The festival announced Friday morning that “Robin Hood,” Ridley Scott’s take on the folkloric hero, will open its annual extravaganza on the Croisette. Russell Crowe stars as the iconic character, firing arrows, tangling with the sheriff of Nottingham and generally making mischief.

The movie’s a pretty logical choice for Thierry Fremaux and the people who program Cannes: It offers a patina of seriousness, with Scott a multiple Oscar nominee, but also the media-ready glitz that the festival prefers for its opening night, with a glamorous international cast that includes Crowe, Cate Blanchett, William Hurt and Max von Sydow. And it jibes nicely with Universal’s release date for the Brian Grazer-produced film: May 14, two days after the festival opens.

How does this choice fit with past Cannes openers? It marks the fifth straight year that the festival is opening with an English-language film (Dominik Moll’s French-language “Lemming” was the last time it didn’t) but the first time since “The Da Vinci Code” in 2006 that it’s going with an action movie.

Clock to stop on Fox’s ’24’

LOS ANGELES – The drama “24” won’t be ticking much longer on TV.

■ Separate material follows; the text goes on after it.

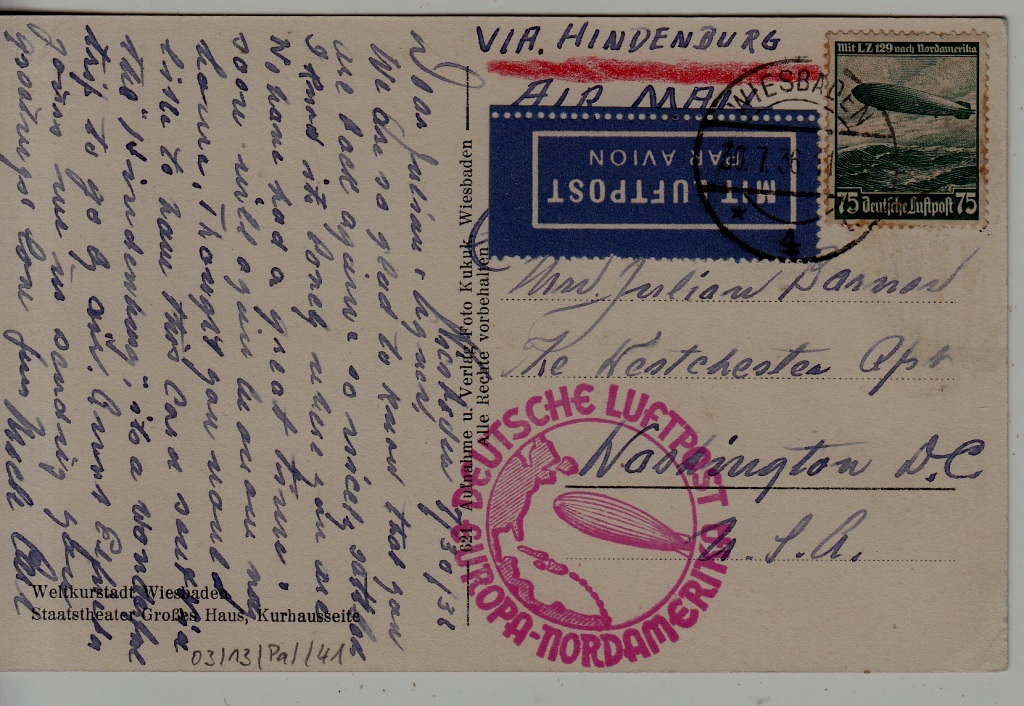 Germany Zeppelin card 30.7.36 Wiesbaden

Fox announced Friday that its action-packed real-time show starring Kiefer Sutherland as anti-terrorism agent Jack Bauer will wind down at the end of its current eighth season on May 24.

Sutherland said in a statement that the show’s cast and crew “always wanted ’24’ to finish on a high note, so the decision to make the eighth season our last was one we all agreed upon.” He also said he was looking forward to creating a film version of “24.”

The show has received 68 Emmy nominations, winning for outstanding drama series and for Sutherland as lead drama actor in 2006.

“This has been the role of a lifetime, and I will never be able to fully express my appreciation to everyone who made it possible,” Sutherland said. “But when all is said and done, it is the loyal worldwide fan base that made it possible for me to have the experience of playing the role of Jack Bauer, and for that I am eternally grateful.”

Premiering Nov. 6, 2001, “24” used an innovative real-time, split-screen format to present fast-paced interwoven storylines. Each episode covered one hour of the season’s 24-hour story arc.

Judge won’t block ‘Jersey’

TOMS RIVER, N.J. – A New Jersey judge has again denied a request to block the release of episodes of the MTV reality series “Jersey Shore.”

State Superior Court Judge Joseph Foster rejected the request of three people who say their reputations will be damaged because they’re shown fighting with cast members.

An attorney for the three complained after a published report said MTV planned a global release of the series, which focuses on the escapades of eight 20-something Italian-Americans at a shore house.

Last month the judge denied a man’s request to block the DVD release of the show’s first season. The man says he was beaten during an episode.